Dopo sei mesi scade la convenzione tra la Prefettura e la Croce Rossa. Nessun futuro certo per i rifugiati ospitati presso il Dell’Erba di Martina Franca.

Dopo sei mesi di permanenza discreta, i cento richiedenti asilo ospitati presso l’Hotel Dell’Erba di Martina andranno via. Così come al loro arrivo, improvviso e silenzioso, così alla loro partenza, decretata per la scadenza della convenzione tra la Croce Rossa, che gestisce il centro e la Prefettura, che paga da parte del Governo, tutto accadrà nel silenzio più perfetto.

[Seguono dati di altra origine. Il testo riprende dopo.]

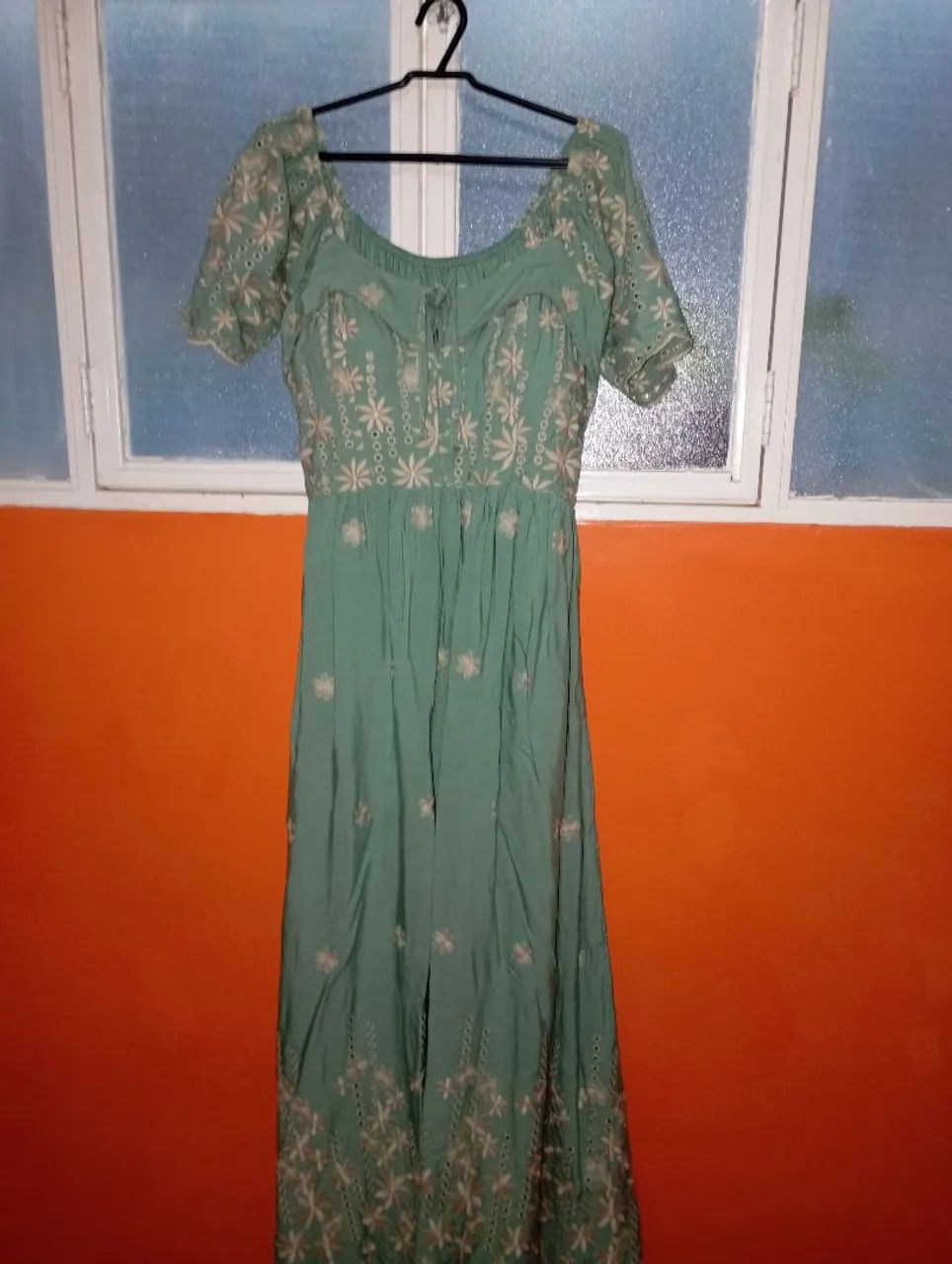 Vestidos novos  - Foto 3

Strana storia quella dei migranti martinesi, che all’inizio non sapevano nemmeno dove fossero ed erano circondati da persone che nemmeno sapevano chi fossero. Erano vestiti tutti uguali e giravano per la città lungo Corso Italia e tutti li scambiavamo per una squadra di pallone. Poi iniziarono a girare alcune voci sulla loro reale identità fin quando a metà dicembre non decidono di manifestare in piazza per chiedere più diritti. Dopo due settimane di permanenza a Martina Franca un gruppo di loro capisce che c’è qualcosa che non va: vengono convocati i giornalisti e con gran pacche sulle spalle ci viene comunicato che è tutt’apposto. Tutt’apposto perché i manifestanti sono ragazzi, che bisogna capirli, che non hanno capito come funziona la questione, che non dipende da noi, ma da altri, che noi già abbiamo fatto di più di quello che ci spettava. Già, ma cosa?

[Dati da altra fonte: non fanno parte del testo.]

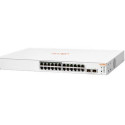 Switch Instant On 1830 PoE 24x1GbE JL813A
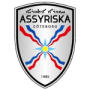Ассириска БК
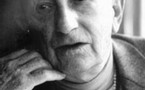 Alain Daniélou, un amoureux de l'Inde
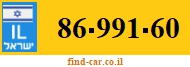 86-991-60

Con l’ordinanza del Presidente Berlusconi del 12 settembre del 2008, vengono istituiti dei CARA (centri di accoglienza per richiedenti asilo) supplementari, in ausilio del sistema presente perché il numero degli sbarchi durante l’estate è nettamente aumentato. L’ordinanza prevede che si trovino delle strutture, in tutto il paese saranno una sessantina, per ospitare diecimila migranti in attesa che la domanda di asilo venga vagliata dalle commissioni territoriali. Un implemento dell’accoglienza notevole, con una spesa complessiva di milioni di euro. La convenzione tra la Croce Rossa di Taranto e la Prefettura prevede una spesa giornaliera di 47 euro a persona, che dovrebbe comprendere vitto alloggio e tutti i servizi che il Ministero dell’Interno prevede per una buona accoglienza: mediazione interculturale, mediazione linguistica, corsi di lingua, supporto legale, supporto socio psicologico, assistenza sanitaria, acquisto di vestiti e di beni di prima necessità. In sei a Martina è arrivato circa un milione di euro con cui la Croce Rossa ha reso possibile l’accoglienza dei migranti.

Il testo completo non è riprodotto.